What to work on
Output every entry exactly as given.
[Start of Attachment]
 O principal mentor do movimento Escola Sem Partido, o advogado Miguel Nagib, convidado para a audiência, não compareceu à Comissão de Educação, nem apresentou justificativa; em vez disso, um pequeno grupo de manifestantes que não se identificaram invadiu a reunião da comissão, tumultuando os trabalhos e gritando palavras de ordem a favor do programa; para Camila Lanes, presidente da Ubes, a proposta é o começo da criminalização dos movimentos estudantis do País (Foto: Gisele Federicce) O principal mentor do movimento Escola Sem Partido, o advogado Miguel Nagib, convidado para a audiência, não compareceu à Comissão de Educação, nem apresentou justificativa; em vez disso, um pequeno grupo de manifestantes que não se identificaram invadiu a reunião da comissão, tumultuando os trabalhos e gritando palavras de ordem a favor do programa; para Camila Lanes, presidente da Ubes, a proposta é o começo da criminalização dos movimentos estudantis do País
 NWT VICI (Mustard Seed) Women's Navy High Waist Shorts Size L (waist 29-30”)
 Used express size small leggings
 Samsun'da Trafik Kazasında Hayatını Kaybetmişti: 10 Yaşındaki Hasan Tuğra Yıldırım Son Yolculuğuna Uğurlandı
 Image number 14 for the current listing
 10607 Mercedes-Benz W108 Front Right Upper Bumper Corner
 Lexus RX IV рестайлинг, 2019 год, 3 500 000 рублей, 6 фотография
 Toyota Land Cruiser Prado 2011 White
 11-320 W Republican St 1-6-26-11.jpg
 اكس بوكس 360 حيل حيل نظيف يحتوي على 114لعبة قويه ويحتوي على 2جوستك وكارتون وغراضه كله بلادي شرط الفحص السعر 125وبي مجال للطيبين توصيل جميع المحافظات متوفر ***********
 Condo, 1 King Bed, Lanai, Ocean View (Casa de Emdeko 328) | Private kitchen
[End of Attachment]
Output
 O principal mentor do movimento Escola Sem Partido, o advogado Miguel Nagib, convidado para a audiência, não compareceu à Comissão de Educação, nem apresentou justificativa; em vez disso, um pequeno grupo de manifestantes que não se identificaram invadiu a reunião da comissão, tumultuando os trabalhos e gritando palavras de ordem a favor do programa; para Camila Lanes, presidente da Ubes, a proposta é o começo da criminalização dos movimentos estudantis do País (Foto: Gisele Federicce) O principal mentor do movimento Escola Sem Partido, o advogado Miguel Nagib, convidado para a audiência, não compareceu à Comissão de Educação, nem apresentou justificativa; em vez disso, um pequeno grupo de manifestantes que não se identificaram invadiu a reunião da comissão, tumultuando os trabalhos e gritando palavras de ordem a favor do programa; para Camila Lanes, presidente da Ubes, a proposta é o começo da criminalização dos movimentos estudantis do País
 NWT VICI (Mustard Seed) Women's Navy High Waist Shorts Size L (waist 29-30”)
 Used express size small leggings
 Samsun'da Trafik Kazasında Hayatını Kaybetmişti: 10 Yaşındaki Hasan Tuğra Yıldırım Son Yolculuğuna Uğurlandı
 Image number 14 for the current listing
 10607 Mercedes-Benz W108 Front Right Upper Bumper Corner
 Lexus RX IV рестайлинг, 2019 год, 3 500 000 рублей, 6 фотография
 Toyota Land Cruiser Prado 2011 White
 11-320 W Republican St 1-6-26-11.jpg
 اكس بوكس 360 حيل حيل نظيف يحتوي على 114لعبة قويه ويحتوي على 2جوستك وكارتون وغراضه كله بلادي شرط الفحص السعر 125وبي مجال للطيبين توصيل جميع المحافظات متوفر ***********
 Condo, 1 King Bed, Lanai, Ocean View (Casa de Emdeko 328) | Private kitchen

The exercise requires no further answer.